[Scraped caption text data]

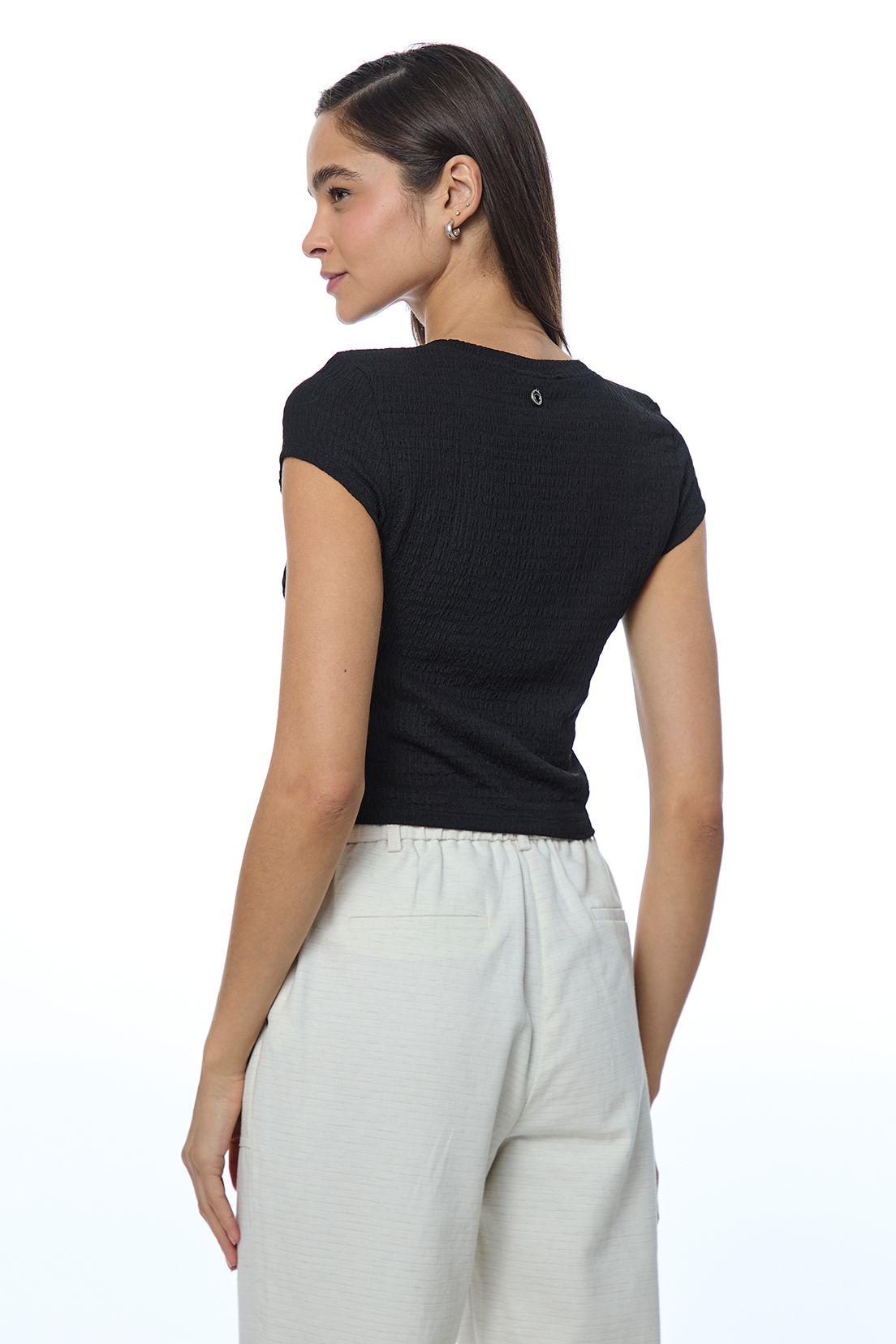 Polera Lisa Negro iO 14220224081102-3
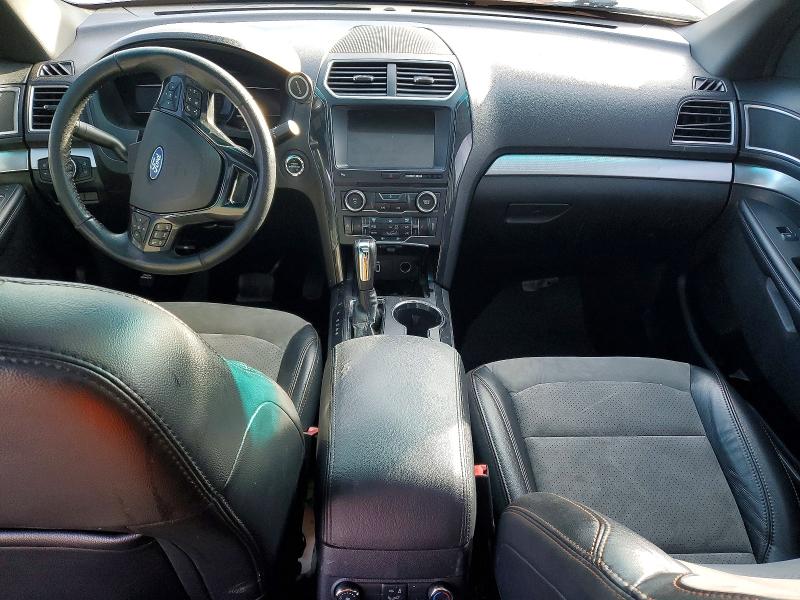 Фото 8 - FORD EXPLORER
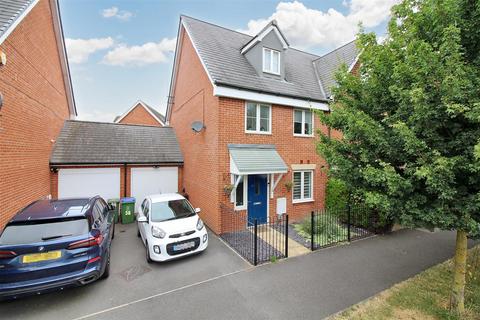 3 bedroom end of terrace house for sale, Moorcroft Lane, Aylesbury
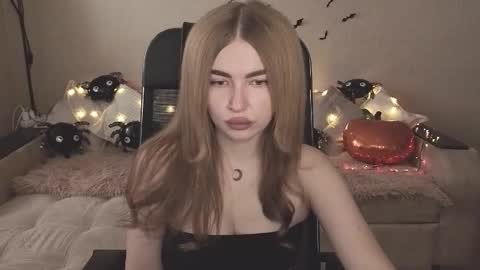 ViolettaOtis online show from October 29, 10:19 am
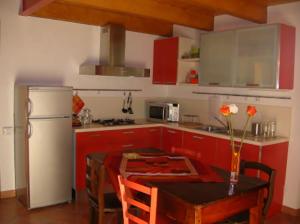 Una cocina o zona de cocina en Appartamenti Cà di pom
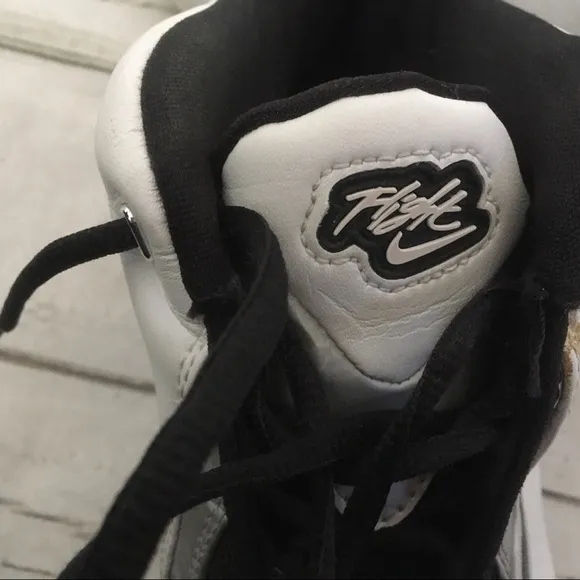 Y2K Nike Zoom Air Black White Tennis Shoes Sneakers Size 8.5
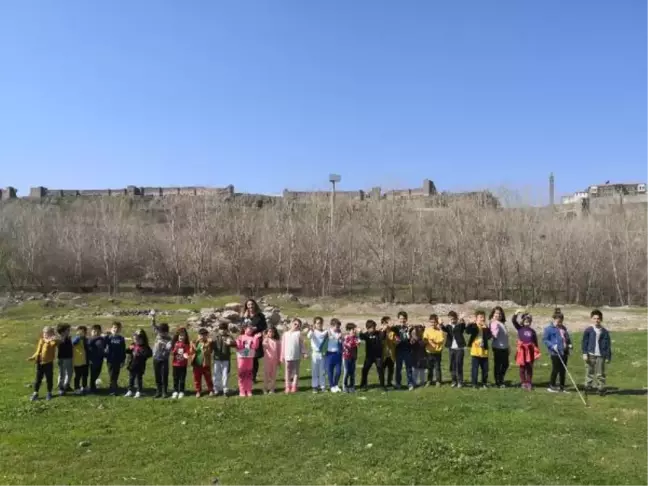 Diyarbakır'da, ilkokul öğrencileriyle doğa yürüyüşü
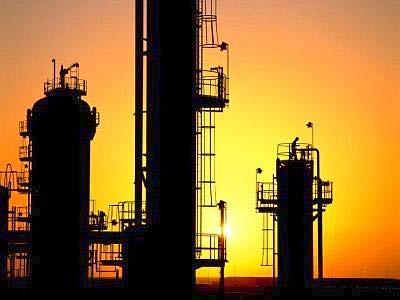 Expected impact on refining industry What can the refining industry do to cope with this change? 1. Process ultra low sulphur crude (eg.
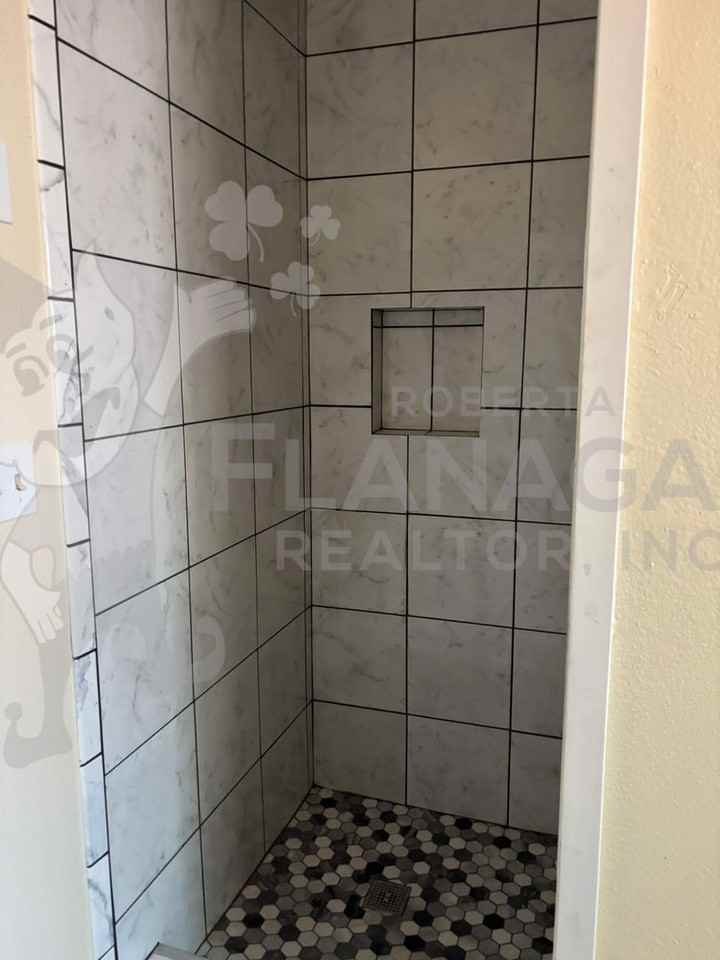 820 W 23rd St - Photo 7 of 13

▶ **Activity**:
Print only the lines running from the one containing "ViolettaOtis online show" to the end of the data above, exactly; include no pictures.

▶ **Reply to the task**:
 ViolettaOtis online show from October 29, 10:19 am
 Una cocina o zona de cocina en Appartamenti Cà di pom
 Y2K Nike Zoom Air Black White Tennis Shoes Sneakers Size 8.5
 Diyarbakır'da, ilkokul öğrencileriyle doğa yürüyüşü
 Expected impact on refining industry What can the refining industry do to cope with this change? 1. Process ultra low sulphur crude (eg.
 820 W 23rd St - Photo 7 of 13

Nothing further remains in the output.